=== DATA BELOW ===

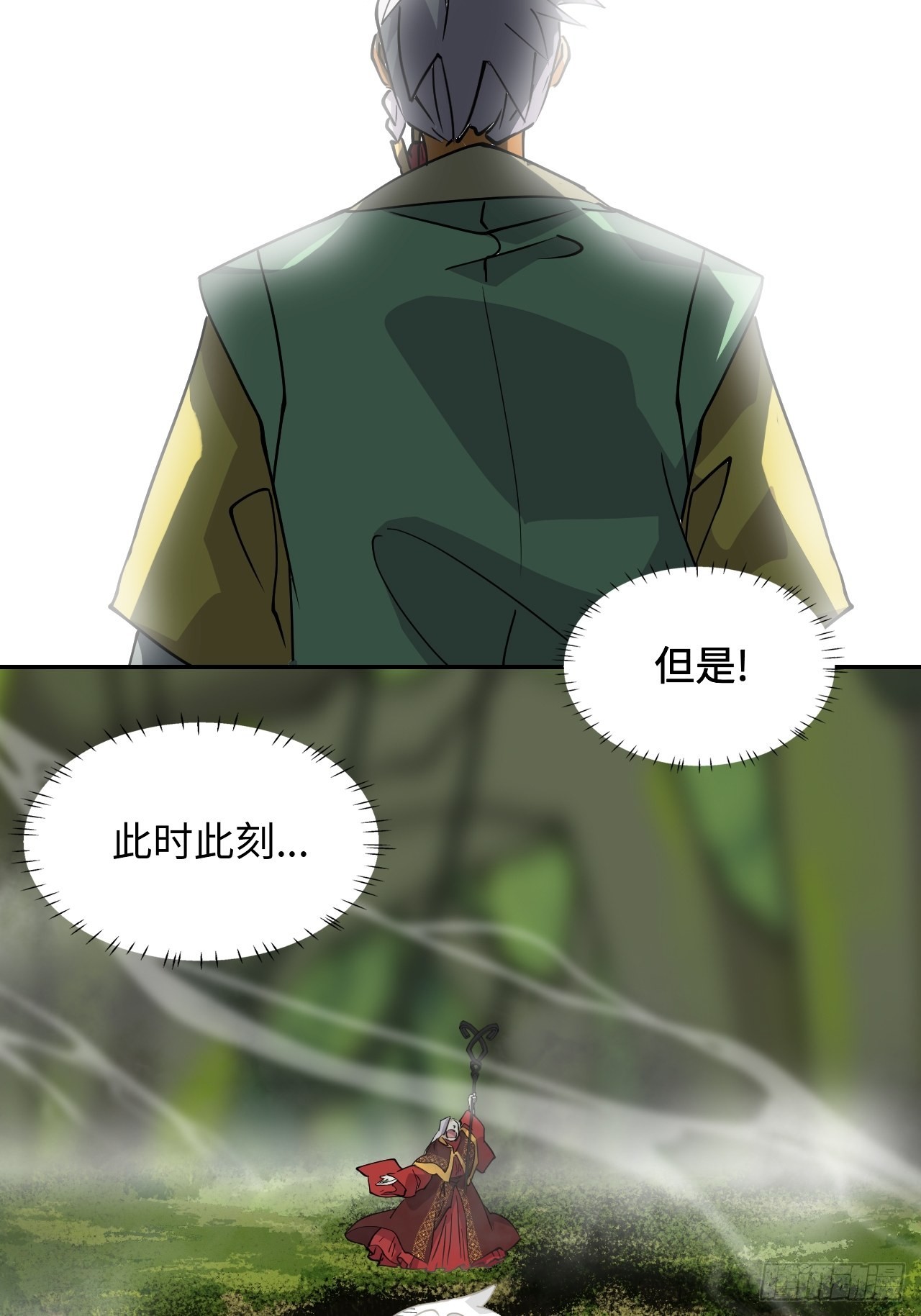 62  不要小看我-第63话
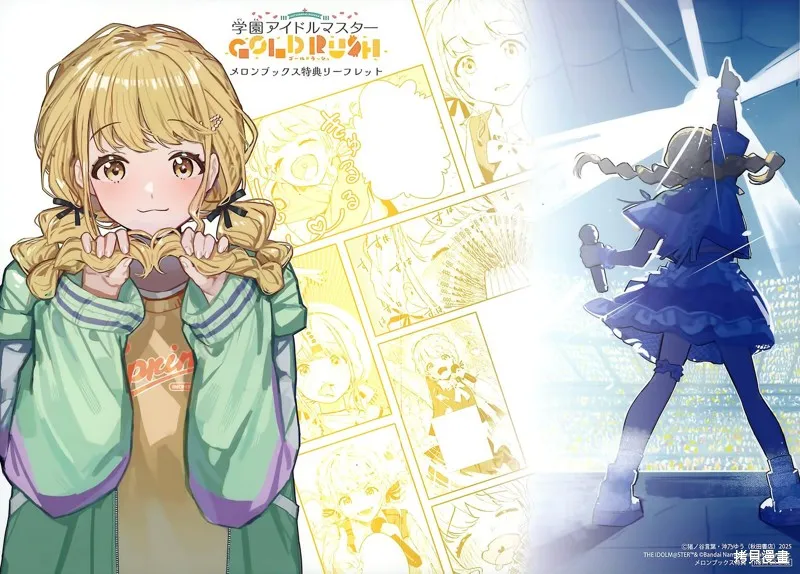 學園偶像大師 GOLD RUSH,01卷加筆,第17张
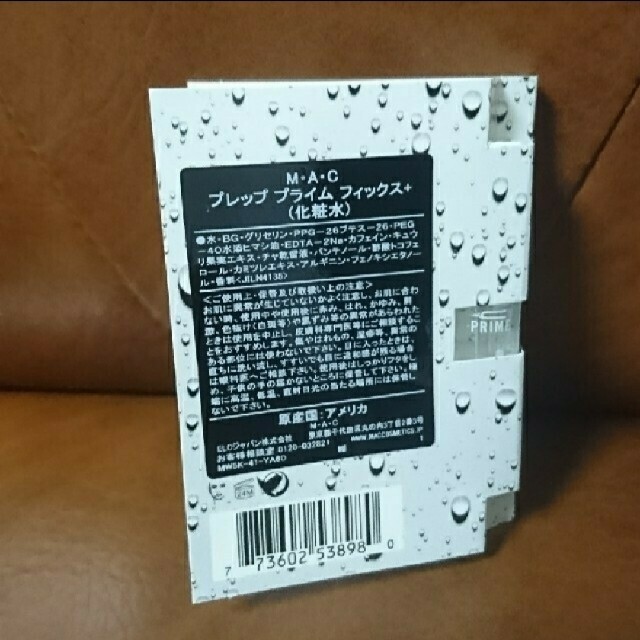 MAC(マック)のMAC プレッププライムフィックス+  コスメ/美容のスキンケア/基礎化粧品(化粧水/ローション)の商品写真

===

WHAT IS REQUIRED
Please output the lines from the line that holds "學園偶像大師 GOLD RUSH,01卷加筆,第17张" through the final line of the material above, both included. Each line must match exactly, and pictures must be excluded.

ANSWER FOR THIS EXERCISE
 學園偶像大師 GOLD RUSH,01卷加筆,第17张
 MAC(マック)のMAC プレッププライムフィックス+  コスメ/美容のスキンケア/基礎化粧品(化粧水/ローション)の商品写真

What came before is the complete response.